İbrânî Üniversitesi’nde (The Hebrew University
of Jerusalem - האוניברסיטה העברית בירושלים ) ders de verir İsrael Bar Kohav. Amos Oz'un "Bizim en önemli ve en ilginç
şairlerimizdendir," dediği bu
sanatçı, bu durumdan memnun değildir esâsen; çünkü edebiyata, dansa,
sanata daha çok vakit ayırmak ister. Belki de, içinde bulunduğu Ortadoğu’nun
karmaşasından kurtulmak, sanatla arınmak isteğidir bu. (“Sorunlu bölgemiz[de]…
her şey bir anda ortaya çıkan kan ve nefretle doluyor. Neler olduğunu
anlamaktan gerçekten yorgun düştüm; ama körlük ve yabancıdan korku ve korkunun
gölgeleri ve siyah rüzgârlar, kim suçlu? İnan bana o kadar karmaşık, o kadar
berbat ki bu pesimizm.” S.86) Kendisini
barış neferi olarak tanımlayan (“… ben edebiyat ve barış neferiyim…” s.8)

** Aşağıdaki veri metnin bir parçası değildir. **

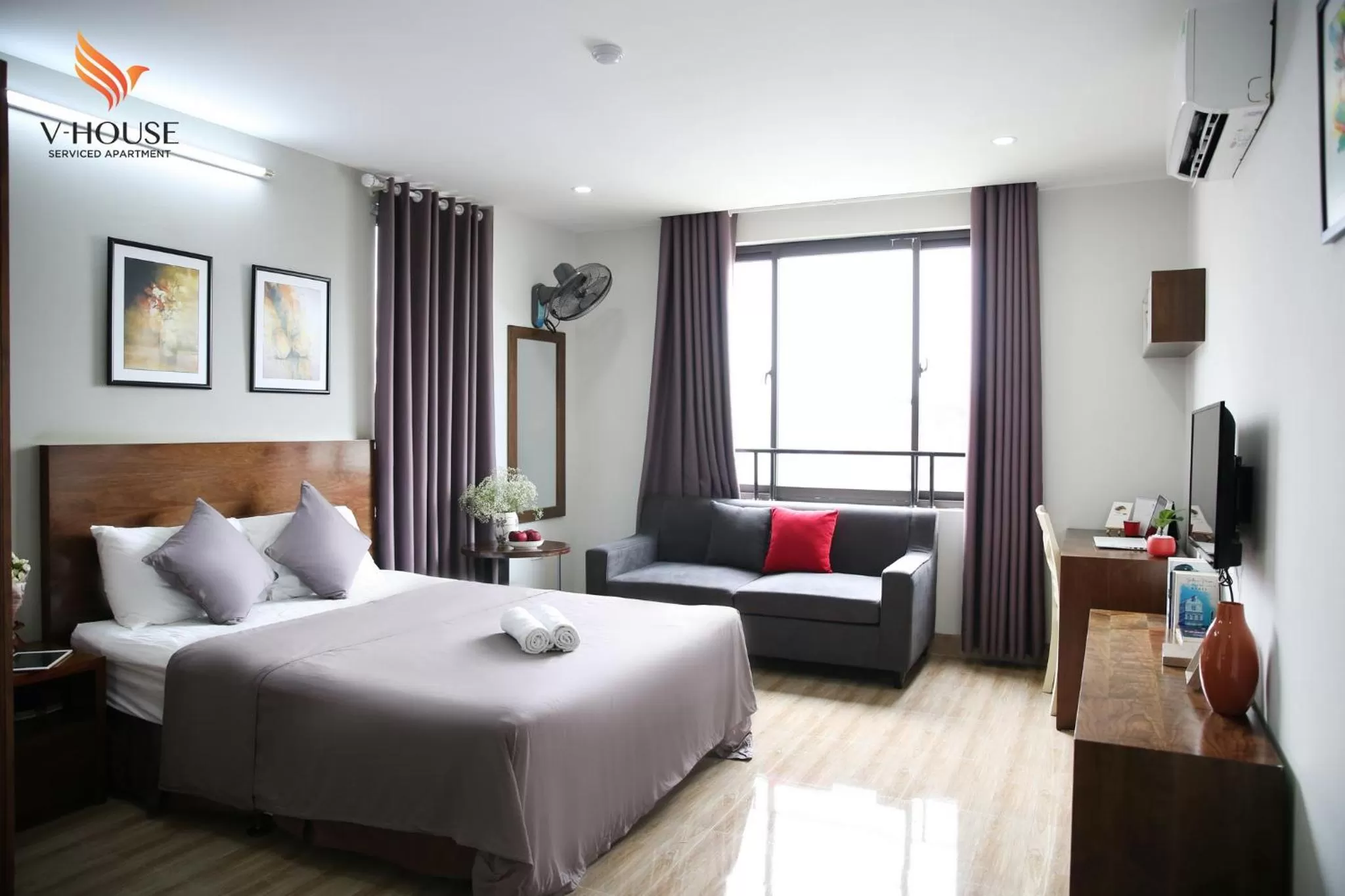 Bedroom, Bed in V House 6 Serviced Apartment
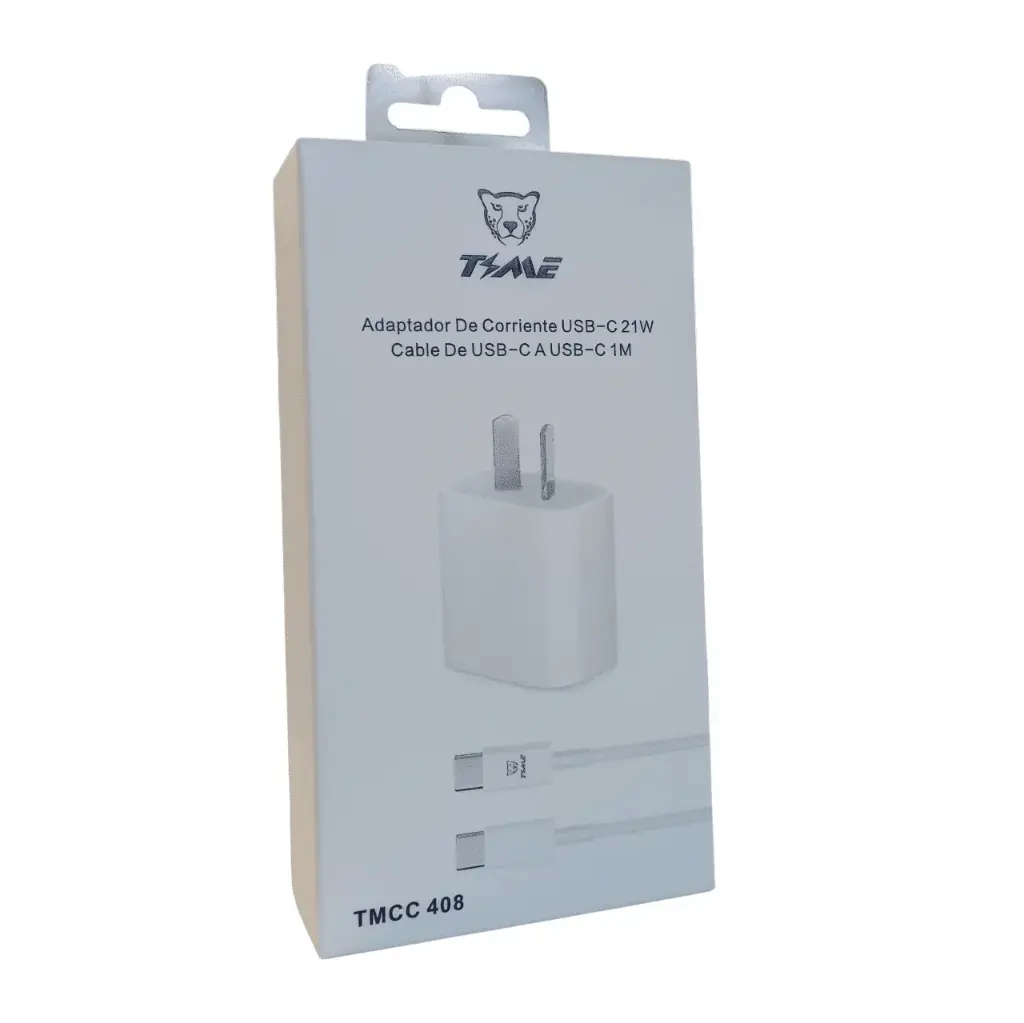 Cargador Rapido USB-C 21W Time + Cable C A C 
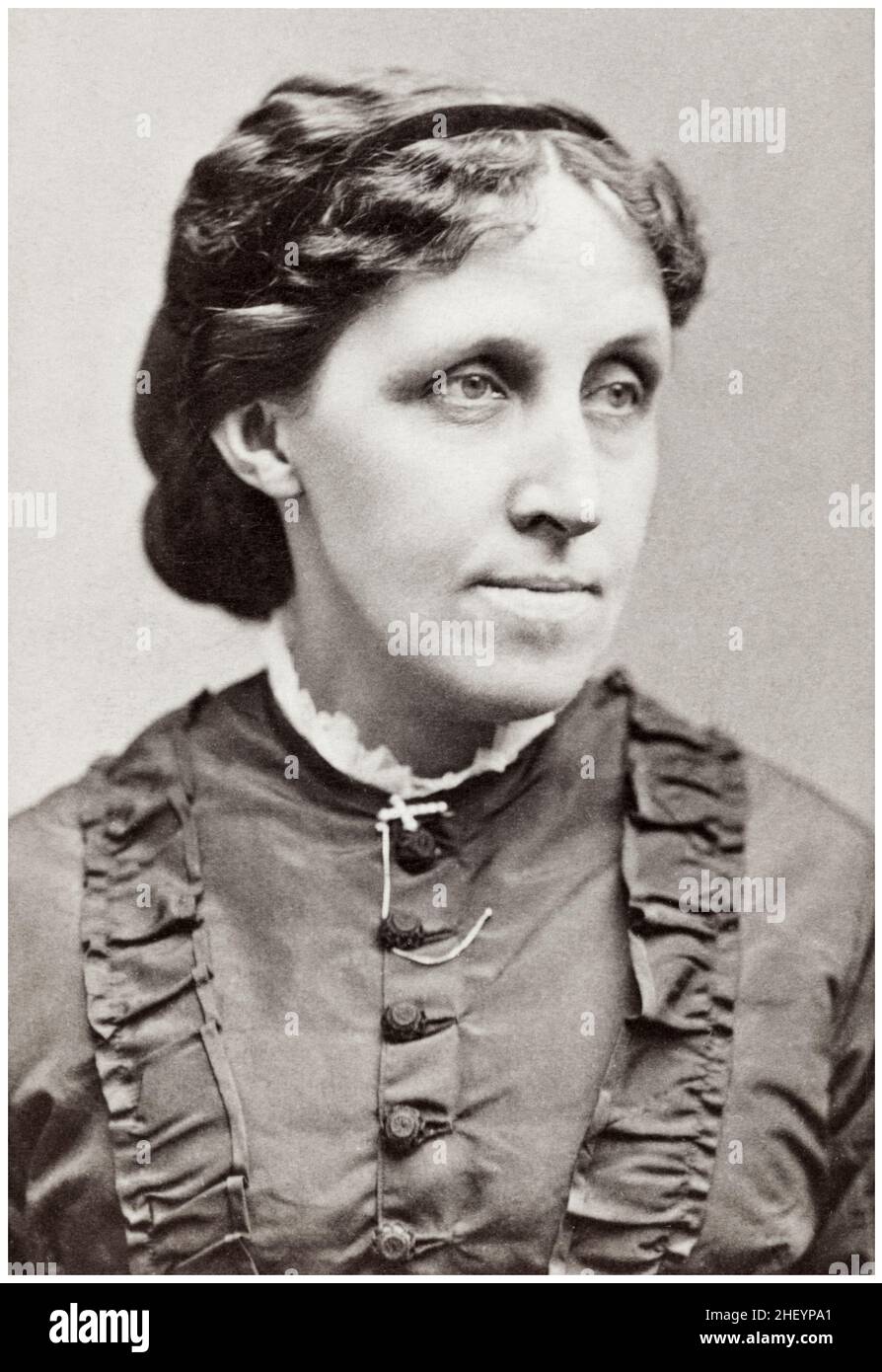 Louisa May Alcott (1832-1888), amerikanische Schriftstellerin und Dichterin, Autorin des Romans „kleine Frauen“, Porträtfotografie von Warrens Portraits (Boston), 1870 Stockfoto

Kohav, her duyarlı ve kalbi körelmemiş insan gibi, savaşa, şiddete, faşizme
karşıdır. 19 Ocak 2007’de katledilen ve İsrael Bar Kohav’ın “ışığın özgür
habercisinin sesi” (s.14) diye tanımladığı (neden “basın şehidi” demeyelim?)
Hrant Dink için çok üzülen ve “ideoloji maskesi altındaki şiddet olayları beni
deli ediyor” diyen Kohav, “buradakiler de öldüren, durmadan öldüren aşağılık
yaratıklar[…] (s.12)” diye ekleyerek, şiddete karşı, kimden gelirse gelsin;
isterse mensubu olduğumuz, ırkdaşı ve dindaşı bulunduğumuz devletten olsun,
tavır almamız gerektiği dersini veriyor. Şâir, bu meşum olayla doğrudan alâkalı değil
belki ama, dolaylı yoldan ilgili ve tam bir yıl sonra, 19 Ocak 2008’de, kanayan
beşik Ortadoğu için Rodos’ta yapılan toplantının davetiyesini kaleme alır. (s.

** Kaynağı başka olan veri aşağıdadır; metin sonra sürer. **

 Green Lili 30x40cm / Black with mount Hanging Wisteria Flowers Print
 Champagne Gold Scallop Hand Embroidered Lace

67) Belki edebiyatın barışı tesis etme gücü zayıftır; ama denenmelidir. Barış
için her şey, her yol denenmeli değil midir?
Barışın olmadığı yerde güven de yoktur:
İsrâil’e gitmek isteyen Sezer Duru vize alamaz, çünkü pasaportunda Suriye
vizesi vardır. İsrael Bar Kohav’ın tepkisi, doğal olarak sert olur ve ne kadar
haklıdır: “Bu budalaların sana yaptıkları için kendimi küçük düşmüş
hissediyorum. Utanıyorum. Seni yargılayacak olanlar kim oluyor. Paranoya bu,
Ortadoğu’nun Allah’ın belâsı paranoyası. Tüm bu sefil ülkeler ve bizimki
(İsrail), ilkel düzeyde var olmaya çalışıyorlar!” (s.69) “Ruhunun bir yanı,
yuvası olmayanların karanlık yanında kışlamakta olan” (s.71) herkesin vereceği
bir tepkidir bu… Bunun gibi tatsız olaylara, bu arada, “One Minute” de değinen
(s.90) şâirin çıkış yolu umuttur. Başka ne yapılabilir ki? Umut da giderse,
hangi dala tutunulacaktır? (Bir hatırlatma yapalım: Yüzyıllarca çileler çeken,
oradan oraya sürgün hayatı yaşayan Yahudilerin devleti olan İsrâil’in millî marşı,
“Umut” [“Ha-Tikva] adını taşır.)
Okunması
gereken bir kitap “Likya’ya Mektuplar”; çünkü yalnızca “Likya” (İsrael Bar
Kohav’ın Sezer Duru’ya verdiği isimdir bu) özelinde değildir. Hem hangi
edebiyatçıların mektupları şahsîdir ki. 21 Ağustos 2011’de, Zaman gazetesindeki
köşesinde, edebiyatçıların mektupları bahsine değinen büyük yazar Selim İleri,
kendisine gelen mektupları birkaç sene evvel yok ettiğini ve Hasan Bülent
Kahraman’ın bunu duyunca, haklı olarak üzüldüğünü ve kızdığını yazmış;
“Mektupların 'kişi'ye yazılmış olduğunu düşünürdüm” diye ekleyerek,
edebiyatçıların kendi aralarındaki yazışmalarının da, edebiyat tarihine âit
olduğunu vurgulamıştı. Okurken, Tezer
Özlü, Demir Özlü, Orhan Kemal, Orhan Duru gibi yazarlar ve Mevlânâ, Hâfız,
Nâzım Hikmet, Mahmut Derviş, Adonis, Orhan Veli, Ece Ayhan, küçük İskender,
Paul Celan gibi şâirlerle karşılaşacağınız bu mektuplar da, edebiyat tarihinin
halkasıdır. Hem de, İsrael Bar Kohav’ın, 3 Mart 2010 tarihli tek satırlık
mektubunda (ya da tek dizelik şiirinde), Sezer Duru’ya olan hissiyâtını çok
güzel ifade ettiği aşkla birlikte: “…senin krallığına sürgün…” (s.110)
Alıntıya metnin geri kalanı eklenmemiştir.